Standing in a spacious, modern church building, listening to a large youth choir sing a song about Jesus, their voices and guitars amplified by an impressive sound system, it’s difficult to remember that we are visiting the largest Muslim nation in the world.
There is no fear in the faces of the people filling the seats and overflowing into the outer lobby area. They seem genuinely excited to be worshipping in “God’s House.”
When my friends back in Colorado Springs heard I would be traveling to Indonesia, they warned me to be careful. Some even tried to convince me not to go. Besides being on the other side of the planet, the collection of islands has a reputation for being hostile toward Christians.
While that is the case in many parts of Indonesia, in the city of Manado, on the island of Sulawesi, Christians are actually the majority. And they seem strangely at ease living in an Islamic nation.
When Arab traders arrived in the beautiful islands of the South Pacific in the 8th century, they not only came seeking spices (and sadly, sometimes slaves), but bearing a new religion: the teachings of a man named Mohammed and the book he reportedly received from the angel Gabriel – the Qur’an.
Seven centuries later, Islam had spread and put down deep roots.
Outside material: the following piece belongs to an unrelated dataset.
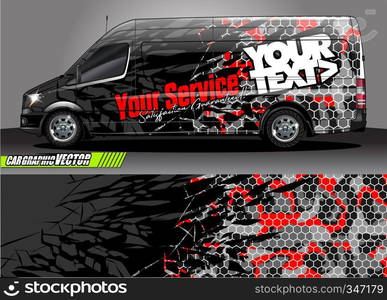 car wrap design. simple lines with abstract background vector concept for vehicle vinyl wrap and automotive decal livery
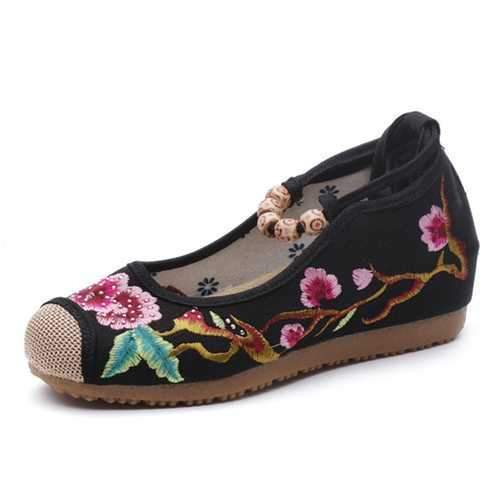 Metal Floral Print Strappy Flats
Rulers throughout the islands began to adopt the religion and by the 17th century, the islands comprising what is now known as Indonesia were almost entirely Islamic.
Today, Indonesia is not only the world’s largest island nation, but it boasts the largest Muslim population in the world. More than 200 million Muslims (nearly 90% of the total population) follow Islam.
As evidenced in Manado, the Church is alive and well in this nation. But in some parts of the islands, tolerance is harder to come by. Being a Christian in places like Jakarta or the province of Aceh (ruled by Sharia law) can come with a heavy price. Church buildings have been burned, bombed, and vandalized. Christians have been attacked and faced intense discrimination.
Whether it’s for evangelism and discipleship, or for the opportunity to hear the message of salvation, the minority Christian population and the majority Muslim population of Indonesia need God’s Word. But right now, all they have is an old translation that doesn’t use modern Indonesian.
The Bible was first translated into Indonesian in 1629. The translation most commonly used today is the Terjemahan Baru, which was finished in 1985. In the 31 years since it was completed, the Indonesia language (like all living languages) has changed dramatically. That’s why Biblica is undertaking a new translation.
Launched in 2016, when this translation is completed, Indonesians will have a Bible that subscribes to the same rigorous standards as the English New International Version. It will be accurate to the original Greek and Hebrew texts, but also be readable, using contemporary Indonesian to share God’s truth.
After the youth choir finishes their energetic song, the pastor steps up to the podium and begins to teach from God’s Word. Do the young people understand what’s being taught? Or does the Bible the pastor is reading from have the hollow ring of a version their parents or grandparents might be clinging to? Does it communicate to them in their language?
My prayer is that they will soon have a Bible they can understand.